Beauty and aesthetics are something everyone talks about, but no one really understands. One, looking at a piece of art, may say that it is beautiful, while others may say that is hideous. We can see this practically everywhere, debates on art’s beauty are present throughout both the professional community and regular people who are interested in going to an art gallery from time to time. If anyone can argue about art’s beauty and aesthetics and can have their own opinion which can be criticized, can we then safely say that beauty is subjective?

Many philosophers speculated on the importance of beauty. At the low end, beauty merely provides decoration to make life more pleasant, at the high end, the experience of beauty was thought to elevate the soul toward the heights of purity, wisdom, and (sometimes) religious exaltation.”

“Knowledge and the Arts” by Eric T. MacKnight

If beauty provides nothing more than “decoration”, then anyone can judge it. If beauty is about more than just making stuff pretty and pleasant to the eye, there must be some criteria for analysis. However, we cannot deny that beauty has a subjective part to it, emotion will always affect the knowledge given by the artwork, despite the reason at work. Events happening in one’s life will reflect the said one will perceive an artwork. So there have to be two parts when evaluating an artwork, subjective and objective, such as an “a bridge between personal knowledge and shared knowledge” (from IB The Arts knowledge framework.)

If we have the subjective part, then what makes the objective part? If it is objective, then it can be quantified, measured, determined, It has to follow certain rules. To both create and evaluate art from a technical standpoint, one must be proficient in the art mastery, without which one simply would not recognize the work done and it’s quality.
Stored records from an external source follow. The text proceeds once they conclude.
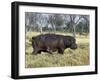 Hippo, with Red-Billed Oxpeckers (Tick Birds), Grazes, Okavango Swamp Edge, Moremi Wildlife Reserve-Nigel Pavitt-Framed Photographic Print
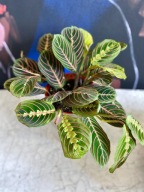 Maranta leuconeura 'Fascinator Tricolor' SADZONKA 35 cm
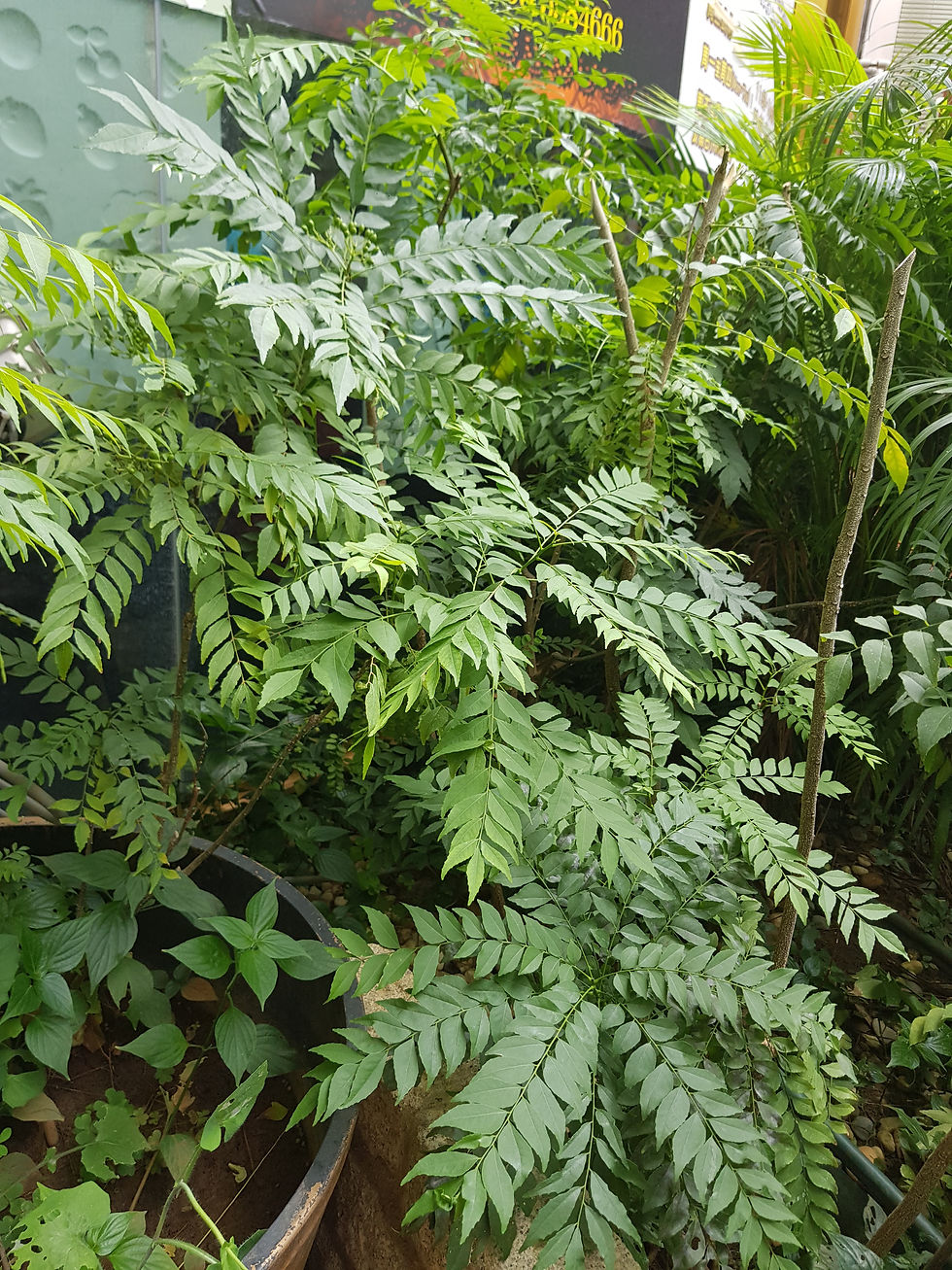 Fresh Curry Leaves 咖哩葉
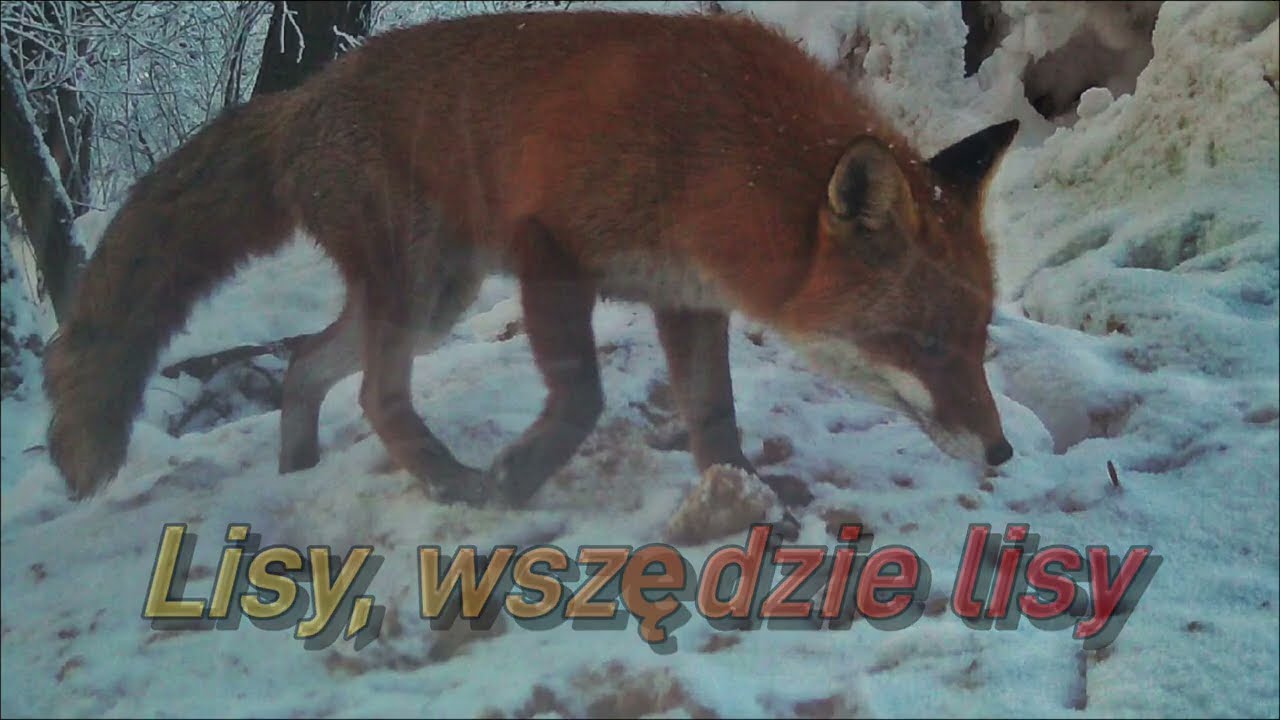 Lisy i kuny - zima w lesie - fotopułapka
“’A lot of [applicants to the MIT] seem smart,’ he said. ‘What I can’t tell is whether they have any kind of taste’”

“Taste for Makers”, by Paul Graham

It is then taste which makes the objective part. And while a lot of people will say that “taste is subjective”, I would like to argue that it is… kind of both. To have taste, you must have the technical knowledge to be able to see the mastery behind the work. However, we are human beings, affected by emotion. Life events, while being the subjective part of beauty, cannot affect the technical knowledge given by the reason. Perhaps the analyst has a personal preference for a certain type of painting technique or thinks negatively of electronic piano, because of personal life events. Another knowledge question arises from this conclusion, “How can the knowledge ever be pure from subjectivity?”. Whatever the answer may be, it does not limit taste, and therefore the beauty of artwork from being objective, as the technical analysis always persists.

So, what is the stuff and how do you make it good? One answer is: we don’t know. If we cannot affect the subjective part of beauty, because it is more unique to the one perceiving art, we have to work on the objective part. Yet, no matter how hard we try, there will always be someone whose subjective view covers the way for the objective analysis. So, maybe a different kind of question should be asked, “To what extent can the analysis be made objective?” and “Do we even have to make the stuff good?”. At the end of it all, it’s all about asking the right questions.